Bloody Chops – die beliebte und charmante Rubrik mit dem blutigen Beilchen
Heute am Beil Joachim Feldmann (JF), Frank Rumpel (rum) und Thomas Wörtche (TW) – auf dem Block Britta Bolt: „Das Büro der einsamen Toten“, Manfred Wieninger: „Der Mann mit dem goldenen Revolver“ und Patrick Leigh Fermor: „Die Entführung des Generals“.
Mittelmaß
(JF) Wie man einen vielversprechenden Stoff in mittelmäßige Genreliteratur verwandeln kann, demonstriert ein in Amsterdam ansässiges deutsch-australisches Autorenduo in seinem Krimidebüt „Das Büro der einsamen Toten“ auf beispielhafte Weise.
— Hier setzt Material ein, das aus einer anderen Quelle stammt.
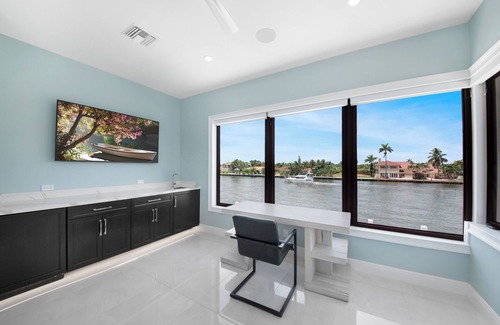 Lauderdale-by-the-Sea Villa | Waterfront Villa- 8min walk to the beach - Heated Pool- Gym - Outdoor BBQ grill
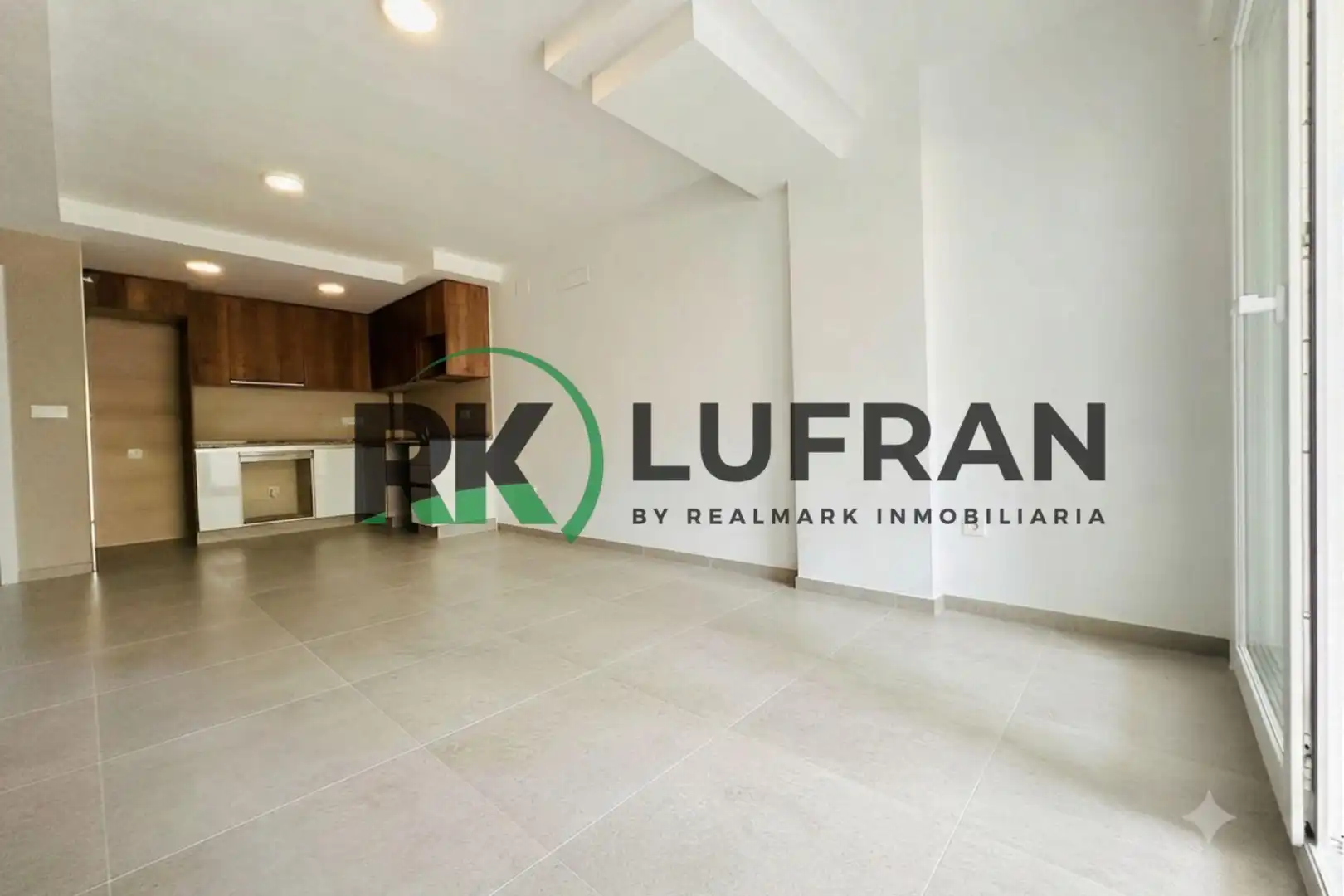 Flat with terrace for sale in Plaza de Toros - Avenida Chapí - Trinquete, imagen 2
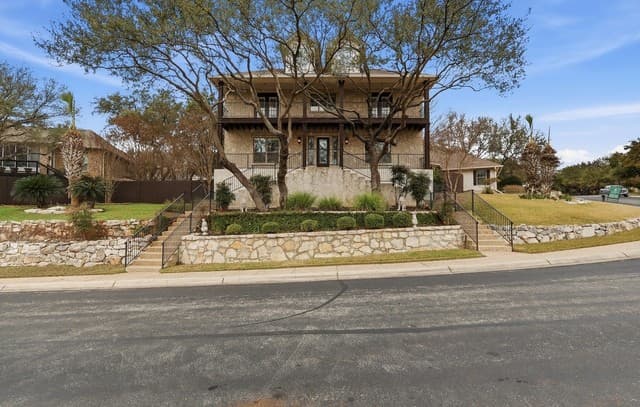 5-bedroom rental at 18339 Emerald Oaks in San Antonio, TX — photo 1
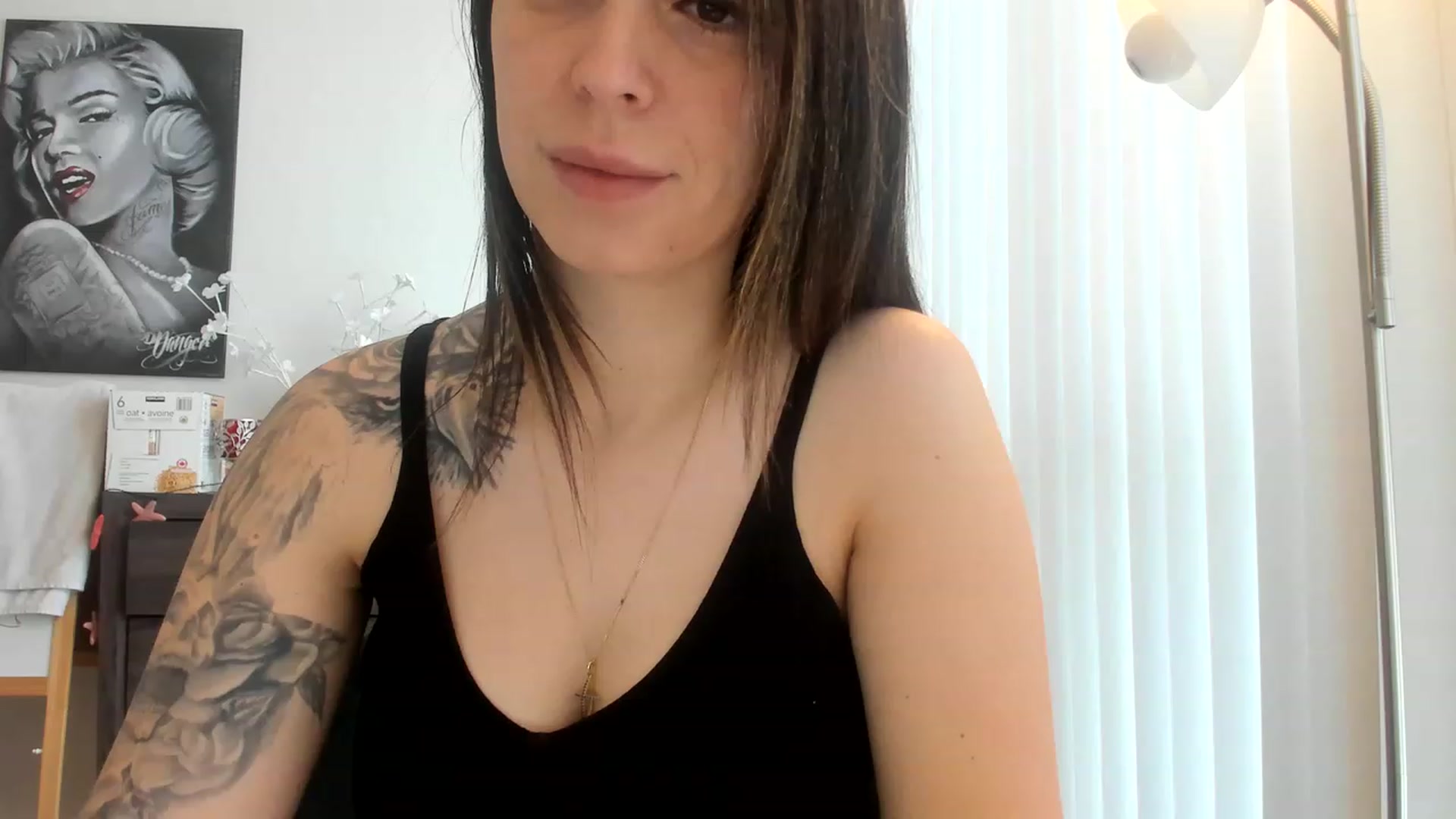 Gallery image thumbnail from DavinaClairee's myfreecams stream on, 02/25/2023, 17:18 image 12 of 20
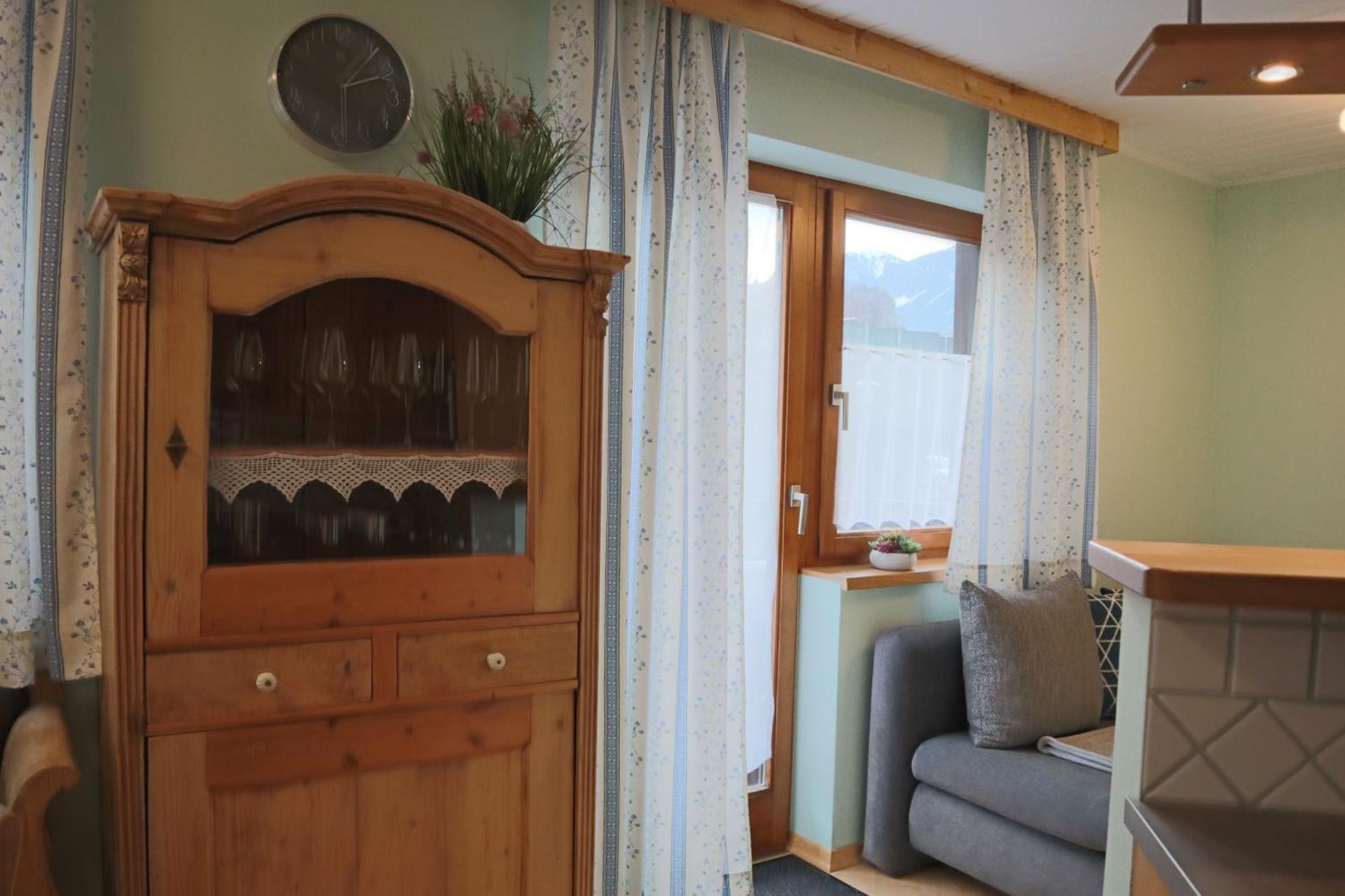 Landhaus-Appartements Warraich Шладминг Екстериор снимка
Der unter dem Pseudonym Britta Bolt veröffentlichte Schmöker präsentiert uns zunächst einmal einen Amateurdetektiv klassischen Zuschnitts. Pieter Posthumus arbeitet für eine Amsterdamer Behörde, die sich anonymer Leichen annimmt und notfalls für ein anständiges Begräbnis sorgt. Doch in dem ehemaligen Hausbesetzer, exzellenten Hobbykoch und Freund eleganter Kleidung schlummert ein beachtliches Ermittlertalent, das ihn, einmal geweckt, zu erstaunlichen Leistungen befähigt. Einige wenige Anhaltspunkte im Nachlass eines Selbstmörders konfrontieren ihn mit der bizarren Welt des Sadomasochismus, während die Spur eines anderen Toten, den man aus der Prinsengraft gefischt hat, geradewegs in das Milieu radikaler Islamisten führt. Ein mühsam konstruierter Plot (inklusive übelster Geheimdienstmachenschaften) sorgt dafür, dass zwischen den beiden Fällen eine Verbindung besteht. Ansonsten darf man dem handelnden Personal beim Essen und Trinken zusehen und bekommt eine reiseführertaugliche Einführung in die Attraktionen der holländischen Metropole.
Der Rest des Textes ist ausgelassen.